3. Die Strafaussprüche hinsichtlich der Angeklagten M., D., T. und P. weisen durchgreifende Rechtsfehler zu deren Gunsten auf.

a) Die Strafzumessung ist grundsätzlich Sache des Tatgerichts, dessen Aufgabe es ist, aufgrund der Hauptverhandlung die wesentlichen belastenden und entlastenden Umstände festzustellen, sie zu bewerten und gegeneinander abzuwägen. Das Revisionsgericht kann jedoch eingreifen, wenn die Zumessungserwägungen in sich fehlerhaft sind oder das Tatgericht gegen rechtlich anerkannte Strafzwecke verstößt. So liegt der Fall hier:

b) So beanstandet die Revision zu Recht die strafmildernde Erwägung des Landgerichts für alle Angeklagten, dass „einige Zeugen angegeben haben, die Vorsteuer geltend gemacht zu haben, so dass dieser Teil der Geschädigten den Schaden etwas mindern konnte“ (UA 107). Abgesehen davon, dass ein Vorsteuerabzug aus den Gründen der Antragsschrift des Generalbundesanwalts nicht zulässig gewesen wäre, hat ein etwaiger Vorsteuerabzug lediglich den Schaden von den jeweiligen Geschädigten auf den Fiskus verlagert, ohne dass dies zu einer milderen Bestrafung der Angeklagten hätte führen dürfen.

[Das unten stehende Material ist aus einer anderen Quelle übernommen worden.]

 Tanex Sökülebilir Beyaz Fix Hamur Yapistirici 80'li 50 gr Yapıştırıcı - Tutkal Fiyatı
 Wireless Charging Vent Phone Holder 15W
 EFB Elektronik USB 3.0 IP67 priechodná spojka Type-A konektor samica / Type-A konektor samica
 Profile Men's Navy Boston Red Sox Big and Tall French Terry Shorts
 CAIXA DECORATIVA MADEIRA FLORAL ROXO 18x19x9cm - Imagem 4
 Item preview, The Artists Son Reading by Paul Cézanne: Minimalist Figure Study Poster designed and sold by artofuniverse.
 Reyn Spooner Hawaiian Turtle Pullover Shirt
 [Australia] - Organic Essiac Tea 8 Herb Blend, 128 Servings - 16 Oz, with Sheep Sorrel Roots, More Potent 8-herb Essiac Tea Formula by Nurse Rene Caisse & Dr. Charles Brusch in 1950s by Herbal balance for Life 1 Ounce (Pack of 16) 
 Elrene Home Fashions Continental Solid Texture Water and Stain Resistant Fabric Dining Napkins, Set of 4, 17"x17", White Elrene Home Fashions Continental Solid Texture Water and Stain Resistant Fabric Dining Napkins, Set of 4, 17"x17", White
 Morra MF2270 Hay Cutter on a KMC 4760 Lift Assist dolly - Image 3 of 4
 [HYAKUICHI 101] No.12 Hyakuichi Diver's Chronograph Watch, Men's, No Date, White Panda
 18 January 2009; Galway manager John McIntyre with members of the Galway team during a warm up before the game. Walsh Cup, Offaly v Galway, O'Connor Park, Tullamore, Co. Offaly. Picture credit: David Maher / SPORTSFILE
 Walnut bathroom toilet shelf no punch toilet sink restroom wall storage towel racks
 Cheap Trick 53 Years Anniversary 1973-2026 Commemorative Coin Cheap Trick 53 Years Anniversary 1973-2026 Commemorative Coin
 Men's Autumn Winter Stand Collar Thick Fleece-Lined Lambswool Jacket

c) Zusätzlich rechtsfehlerhaft hinsichtlich der Angeklagten D. und M. war es, zu ihren Gunsten zu berücksichtigen, dass diese sich nicht unerheblichen Einziehungsforderungen gegenübersehen. Denn die mit der Einziehung von Wertersatz verbundene Vermögenseinbuße stellt keinen Strafmilderungsgrund dar. Die Einziehung dient allein der Gewinnabschöpfung und damit dem Ausgleich unrechtmäßiger Vermögensverschiebung (vgl. BGH, Urteil vom 25. September 2018 - 5 StR 251/18, NJW 2019, 245, 246).

d) Angesichts der moderaten, teilweise am untersten Rand der Strafrahmen angesiedelten Einzelstrafen kann der Senat ein Beruhen des Urteils auf den aufgezeigten Strafzumessungsfehlern nicht ausschließen. Da es sich insoweit nur um Wertungsfehler handelt, bedarf es der Aufhebung von Feststellungen zur Strafzumessung nicht.

III.

Eine Entscheidung über die sofortige Beschwerde gegen die unterbliebene Kostenentscheidung ist angesichts der Teilaufhebungen und Zurückverweisung nicht veranlasst. Der neue Tatrichter wird eine umfassende Kostenentscheidung zu treffen haben. Soweit sich die sofortige Beschwerde gegen den Angeklagten Ce. richtet, dessen Verurteilung von der Beschwerdeführerin nicht (mehr) angegriffen wird, ist das Oberlandesgericht Frankfurt am Main für die Entscheidung über die sofortige Beschwerde zuständig, § 121 Abs. 1 Nr. 2 GVG.